By default, the manager will try to get all the commands you add to the queue running at once, assuming there is enough capacity in your compute environment, and dependencies have been met.

If you have a command that interacts with some limited resource (eg. a database with a maximum number of client connections allowed), you can tell the manager to limit how many of those commands to run simultaneously by placing them in the same limit group.

--limit_grps is a comma separated list of arbitrary names you can associate with a command, that can be used to limit the number of jobs that run at once in the same group. You can optionally suffix a group name with :n where n is a integer new limit for that group. 0 prevents jobs in that group running at all. -1 makes jobs in that group unlimited. If no limit number is suffixed, groups will be unlimited until a limit is set with the wr limit command.

Tip

Use wr limit to change your limits after adding jobs.

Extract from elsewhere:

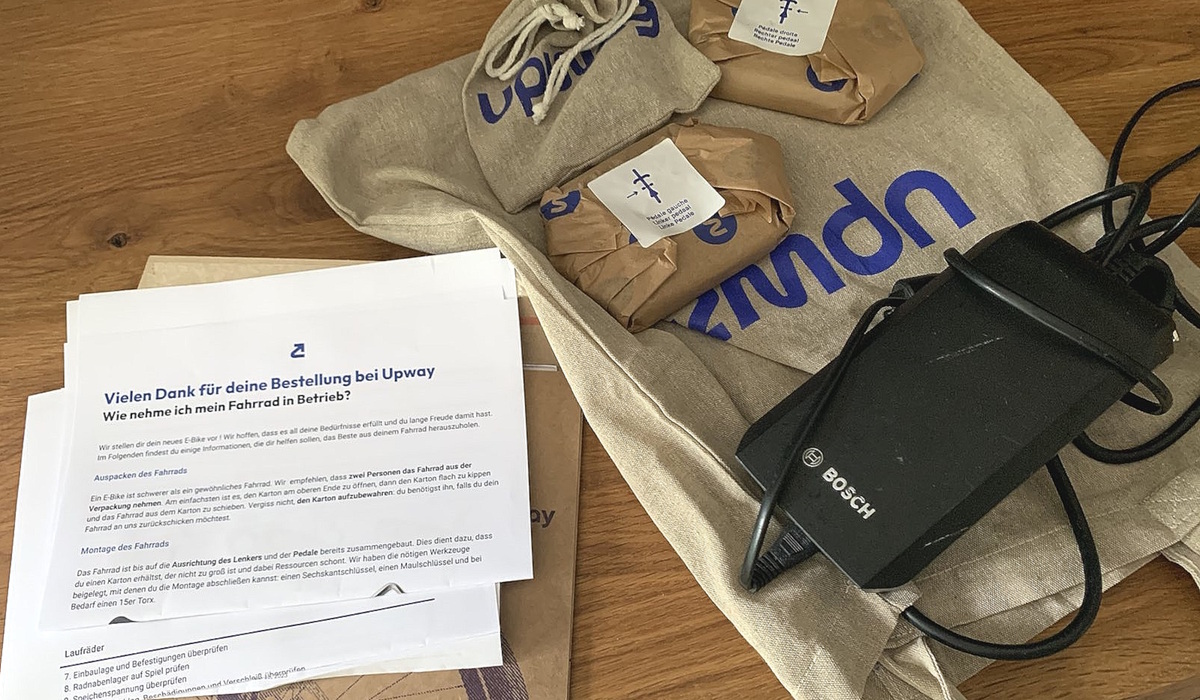 In einem Stoffbeutel waren Pedale, Ladegerät, Dokumente und Montagewerkzeug Foto: SP-X/Mario Hommen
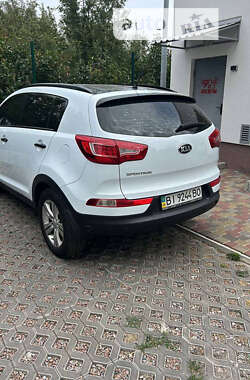 Внедорожник / Кроссовер Kia Sportage 2012 в Полтаве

For example, if you had a database that only allowed 100 connections, but you had 1000 different commands that needed to access the database, you could put all 1000 commands in a text file and then:

wr add -f db.cmds --limit_grps 'mydb:100'

The manager would only schedule up to 100 of these commands to run at once. If you had commands that accessed both your database and a very slow archival disk that could only handle 5 writes at once, you could:

wr add -f archive.cmds --limit_grps 'mydb,archive:5'

The manager would schedule none of these jobs until the first 905 database-only jobs in this example had completed, then would only run 5 of these archive jobs at once. If you then added more database-only jobs before these archive jobs completed, 95 of them would run at once, alongside the 5 archival jobs.

Behaviours

You can associate certain behaviours with the commands you add. Behaviours are triggered when your command exits, and run from the same working directory.

There are 3 variations on the trigger:

--on_failure

Behaviours trigger if your command exits non-0.

--on_success

Behaviours trigger if your command exits 0.

--on_exit

Behaviours trigger when your command exits, regardless of exit code. These behaviours trigger in addition to and after any on_failure or on_success behaviours.

Behaviours are described using an array of objects, where each object has a key corresponding to the name of the desired behaviour, and the relevant value. The currently available behaviours are:

“cleanup”

Takes a boolean value which if true will completely delete the actual working directory created when cwd_matters is false (no effect when cwd_matters is true). This behaviour is by default turned on for the on_exit trigger.

Tip

You can disable the default cleanup behaviour by saying --on_exit '[]'

“run”

Takes a string command to run after the main cmd runs.

“remove”

Takes a boolean value which if true means that if the cmd gets buried, it will then immediately be removed from the queue (useful for Cromwell compatibility).

For example --on_exit [{"run":"cp warn.log /shared/logs/this.log"},{"cleanup":true}] would copy a log file that your cmd generated to describe its problems to some shared location and then delete all files created by your cmd.

S3 mounts

If your command needs input or output files in an S3-like object store, it will be convienent and probably faster and more efficient to use wr’s built-in high-performance S3 fuse mounting capability. (As opposed to manually downloading or uploading files with another tool.)

For details on how to use S3 with wr, read this guide.

Your mounts will be unmounted after the triggering of any behaviours, so your “run” behaviours will be able to read from or write to anything in your mount point(s). The “cleanup” behaviour, however, will ignore your mounted directories and any mount cache directories, so that nothing on your remote file systems gets deleted. Unmounting will get rid of them though, so you would still end up with a “cleaned” workspace.